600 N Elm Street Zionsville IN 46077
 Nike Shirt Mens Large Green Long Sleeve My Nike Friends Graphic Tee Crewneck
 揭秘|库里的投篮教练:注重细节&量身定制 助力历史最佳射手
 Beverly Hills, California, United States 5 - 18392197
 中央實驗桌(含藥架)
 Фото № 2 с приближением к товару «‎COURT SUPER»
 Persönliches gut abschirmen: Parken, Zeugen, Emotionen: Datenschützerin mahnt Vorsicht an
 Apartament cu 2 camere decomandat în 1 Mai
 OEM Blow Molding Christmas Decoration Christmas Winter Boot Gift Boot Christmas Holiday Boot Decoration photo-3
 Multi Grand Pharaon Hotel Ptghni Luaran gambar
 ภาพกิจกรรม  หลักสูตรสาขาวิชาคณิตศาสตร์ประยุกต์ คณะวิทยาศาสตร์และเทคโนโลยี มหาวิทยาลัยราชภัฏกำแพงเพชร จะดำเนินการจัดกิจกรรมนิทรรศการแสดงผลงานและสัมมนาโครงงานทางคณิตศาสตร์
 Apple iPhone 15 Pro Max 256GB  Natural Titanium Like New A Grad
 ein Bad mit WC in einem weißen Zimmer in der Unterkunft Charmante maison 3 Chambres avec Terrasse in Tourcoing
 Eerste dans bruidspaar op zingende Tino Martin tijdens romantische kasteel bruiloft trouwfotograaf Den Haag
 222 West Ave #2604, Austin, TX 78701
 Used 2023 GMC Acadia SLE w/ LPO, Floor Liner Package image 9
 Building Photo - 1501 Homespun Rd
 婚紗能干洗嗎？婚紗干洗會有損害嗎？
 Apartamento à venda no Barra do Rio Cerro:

> _Problem_
Nothing before the line holding "Nike Shirt Mens" belongs in the answer. Repeat that line and the rest of the listing exactly.

> _Solution_
 Nike Shirt Mens Large Green Long Sleeve My Nike Friends Graphic Tee Crewneck
 揭秘|库里的投篮教练:注重细节&量身定制 助力历史最佳射手
 Beverly Hills, California, United States 5 - 18392197
 中央實驗桌(含藥架)
 Фото № 2 с приближением к товару «‎COURT SUPER»
 Persönliches gut abschirmen: Parken, Zeugen, Emotionen: Datenschützerin mahnt Vorsicht an
 Apartament cu 2 camere decomandat în 1 Mai
 OEM Blow Molding Christmas Decoration Christmas Winter Boot Gift Boot Christmas Holiday Boot Decoration photo-3
 Multi Grand Pharaon Hotel Ptghni Luaran gambar
 ภาพกิจกรรม  หลักสูตรสาขาวิชาคณิตศาสตร์ประยุกต์ คณะวิทยาศาสตร์และเทคโนโลยี มหาวิทยาลัยราชภัฏกำแพงเพชร จะดำเนินการจัดกิจกรรมนิทรรศการแสดงผลงานและสัมมนาโครงงานทางคณิตศาสตร์
 Apple iPhone 15 Pro Max 256GB  Natural Titanium Like New A Grad
 ein Bad mit WC in einem weißen Zimmer in der Unterkunft Charmante maison 3 Chambres avec Terrasse in Tourcoing
 Eerste dans bruidspaar op zingende Tino Martin tijdens romantische kasteel bruiloft trouwfotograaf Den Haag
 222 West Ave #2604, Austin, TX 78701
 Used 2023 GMC Acadia SLE w/ LPO, Floor Liner Package image 9
 Building Photo - 1501 Homespun Rd
 婚紗能干洗嗎？婚紗干洗會有損害嗎？
 Apartamento à venda no Barra do Rio Cerro:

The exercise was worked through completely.